Property prices in Brisbane, Adelaide and Perth have already hit record highs, and Research director Tim Lawless says a new nominal high for the whole Australian market is not far away.

"At this rate of growth, we will see the national HVI reach a new record high midway through November, recovering from the -7.5% drop in values recorded over the recent downturn between May 2022 and January 2023," he said.

Since bottoming out in January, the CoreLogic HVI has risen 7.6%, which contradicts conventional wisdom about how cash rate increases impact the property market.

When interest rates are high, borrowing power is constricted, which in theory sees property prices decline, but as Gareth Aird, head of Australian economics at CommBank, points out, this relationship looks to have broken down.

"Housing loan commitments have fallen by around 30% since May 2022," Mr Aird said.

"A decline of this magnitude would ordinarily be expected to be accompanied by an ongoing decline in home prices.

"But these are extraordinary times."

Coinciding with a surge in population - immigration is thought to have topped 500,000 this year - construction levels have been subdued, with the supply-demand equation becoming increasingly imbalanced.

The resilience of the Australian property market has also attracted the attention of overseas investors, with the latest NAB
residential property survey showing the share of total market sales to foreign buyers in new housing markets has increased for the past four quarters.

Mr Aird believes that even with the RBA likely to raise interest rates once again next week, these things will likely keep upward pressure on property prices.

"We expect the underlying demand for housing to remain firm against a backdrop of constrained supply and strong rental growth," he said.

Eleanor Creagh, Senior Economist at PropTrack, which also released its home value index today, agrees that the end of the year and 2024 will likely see prices keep going up.

"Despite a weaker outlook for the economy, population growth is rebounding strongly and this looks set to
continue," she said.

"Interest rates may rise further, but they are likely close to, if not at, their peak. Together with a shortage of new home builds and challenging conditions in the rental market, home prices are expected to rise further."

Any hope for buyers?

Economists predicting how the market would go in 2023 were mostly wrong, so it isn't a certainty prices will keep going up.

The rate of growth for property prices has slowed, with capital city values rising 3.6% over the June quarter compared to 2.6% over the three months to October.

As Mr Lawless points out, some of the supply side constraints that helped keep prices strong look to be easing.

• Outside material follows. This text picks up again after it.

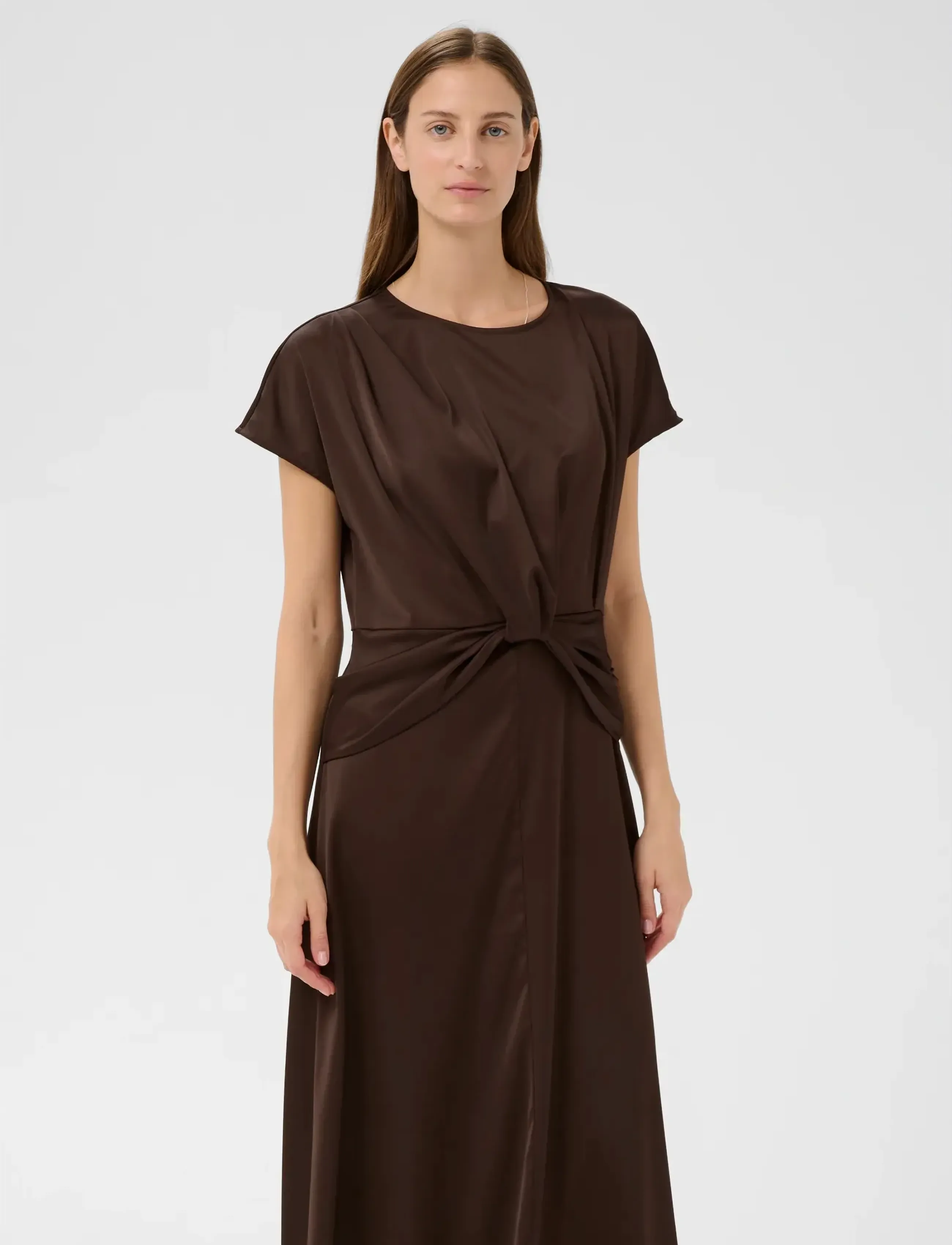InWear LAKEIW FEST MIDI DRESS - Midikleider - COFFEE BEAN / brown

"Total capital city stock on the market has increased by 5.1% since the start of spring, a clear indication that buyer demand isn’t keeping pace with the flow of new listings," he explained.

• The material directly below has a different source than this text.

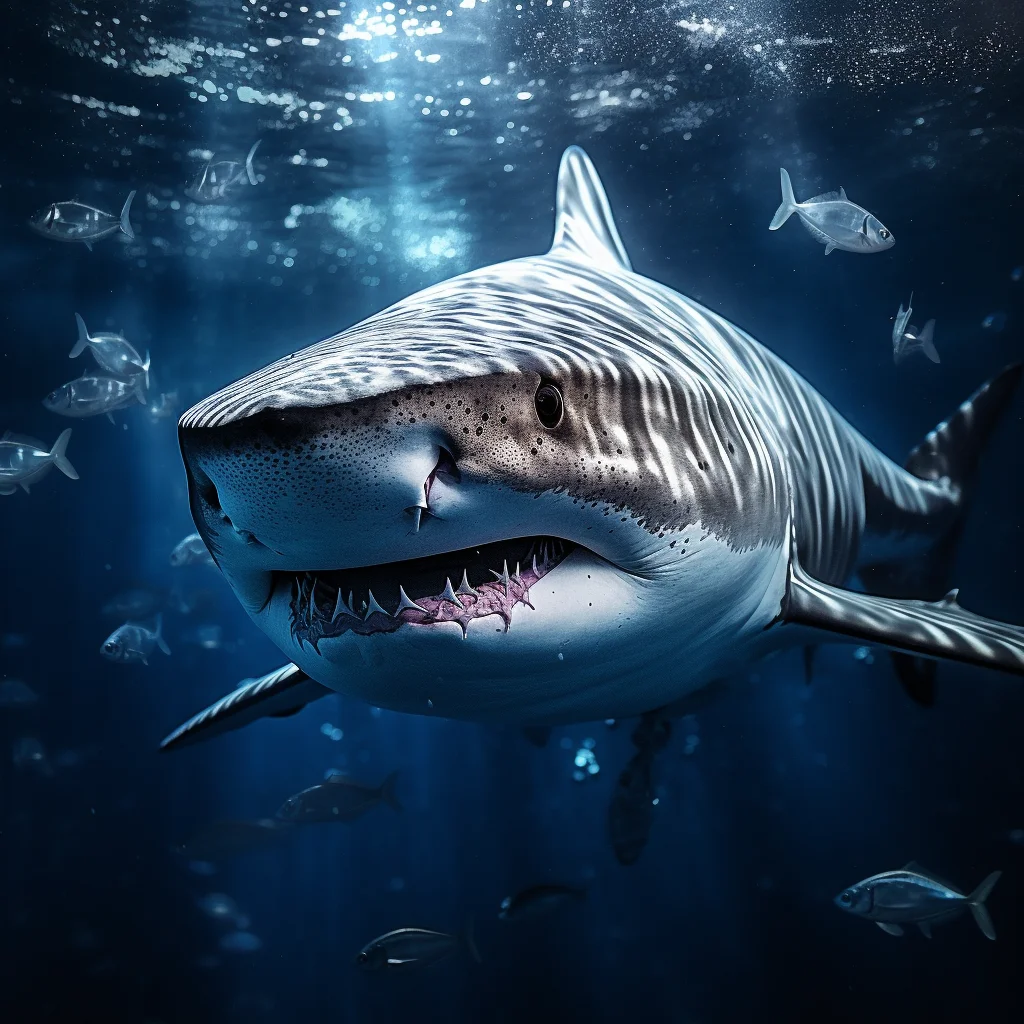 shark underwater sea swim light diving photography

One of the big factors thought to be driving prices up was the low level of listings, far below average levels.

Mr Lawless and other analysts proposed this was because Australian homeowners who saw prices drop dramatically through 2022 decided to hold off on selling.

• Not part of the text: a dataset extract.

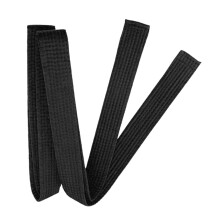 Hithop 8.6ft lng mjukt svart blte fr kampsport karate taekwondo judo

Now though, with prices having almost completely recovered, selling activity could be set to ramp back up again, which could help address the demand/supply imbalance driving prices up, especially if further cash rate increases curb demand.

However, Mr Lawless acknowledged the other factors that could continue to prop up demand, highlighting low construction levels and the spillover from exorbitant rental rates, like Mr Aird and Ms Creagh also opined.

He also said distressed selling, one of the reasons high interest rates can bring property prices down, looks to not be a major issue.

"Labour markets have loosened a little, but with unemployment expected to remain well below the long run average, it’s unlikely mortgage defaults or distressed home sales will rise materially," Mr Lawless said.